Favorable Union Vote Opens Path for Struggling YRC Worldwide to Begin Repaying Debt
Formerly known as Yellow Freight, YRC Worldwide was formed in the 2000s when the less than truckload carrier began gobbling up smaller trucking companies, such as Roadway Express, Holland, USF and others. All of these purchases were made with borrowed funds, and when the economy took a sharp downward turn in 2008, YRC Worldwide was left with a massive $1.4 billion bill and no way to repay it. Lenders refused to renegotiate the loans until the company was able to solidify their contract with the labor force. The first vote did not go the company’s way, with 61 percent of workers turning it down. However, last week the company and the Teamsters union were able to negotiate an extended contract that works for both parties. Workers are accepting reduced vacation time, lower payments on pension plans, and a significant 15 percent cut in wages. Parts of the deal are good through 2019. The deal with their labor force saves the company about $350 million each year.
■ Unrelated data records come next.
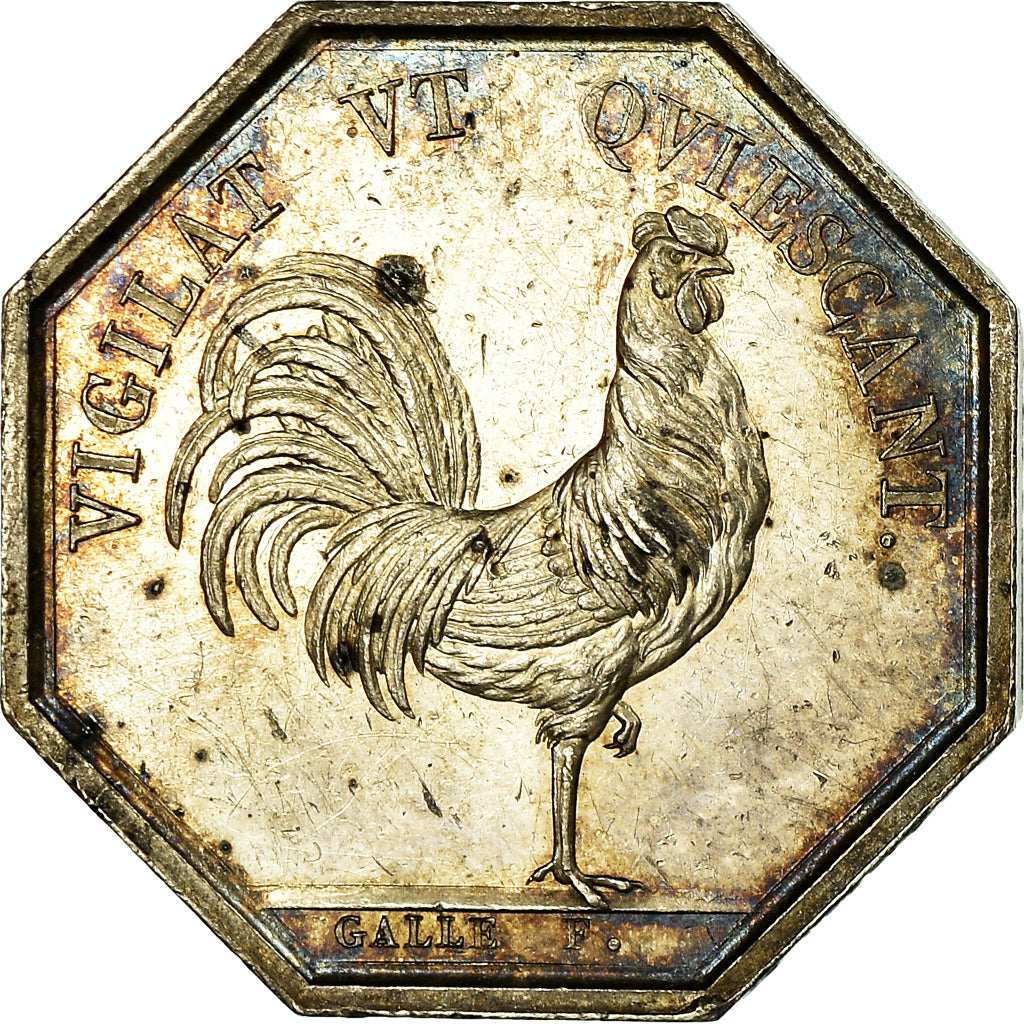 France, Jeton, Louis XVIII, Préfecture de Police, Galle, SUP, Argent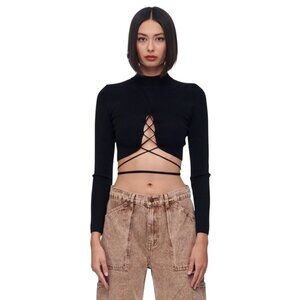 ASTR the Label Raven Strappy Cutout Sweater Womens S Black Mock Neck Lace Up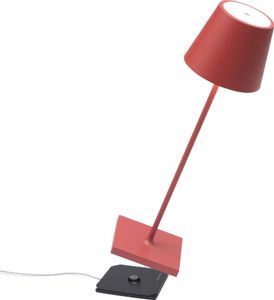 Zafferano Poldina Pro Tischlampe - Aufladbare LED Außenlampe - 38 cm - Rot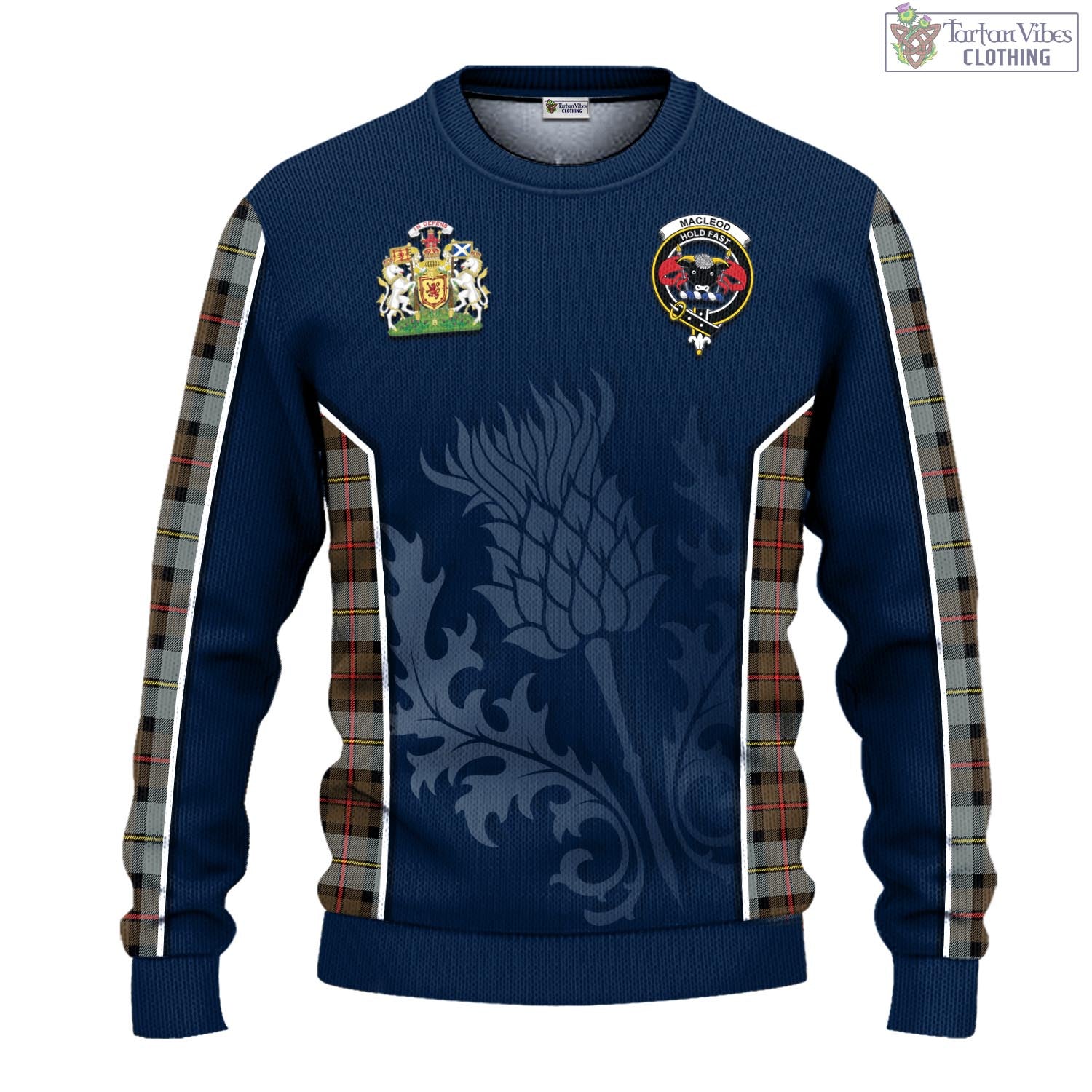 Tartan Vibes Clothing MacLeod of Harris Weathered Tartan Knitted Sweatshirt with Family Crest and Scottish Thistle Vibes Sport Style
The deal also gave Teamster union members stock interest in the company, as well as the ability to nominate two of their members to the company’s board of directors. This gives the union and workers more leverage to negotiate future contracts, but it also gives them some responsiblity to help the company out of its financial predicament.
This labor settlement opened the way for YRC worldwide to renegotiate the debt repayment plan with its creditors. The debt was reduced by an estimated $300 million. Still, this leaves the struggling YRC Worldwide carrying more debt than all the other less than truckload carriers operating in the United States combined.
At one point during their financial troubles, YRC Worldwide ceased paying pension plans entirely. With the new deal, pension payments resumed, but the company is paying just 25 percent of the pension payments it paid out in 2009.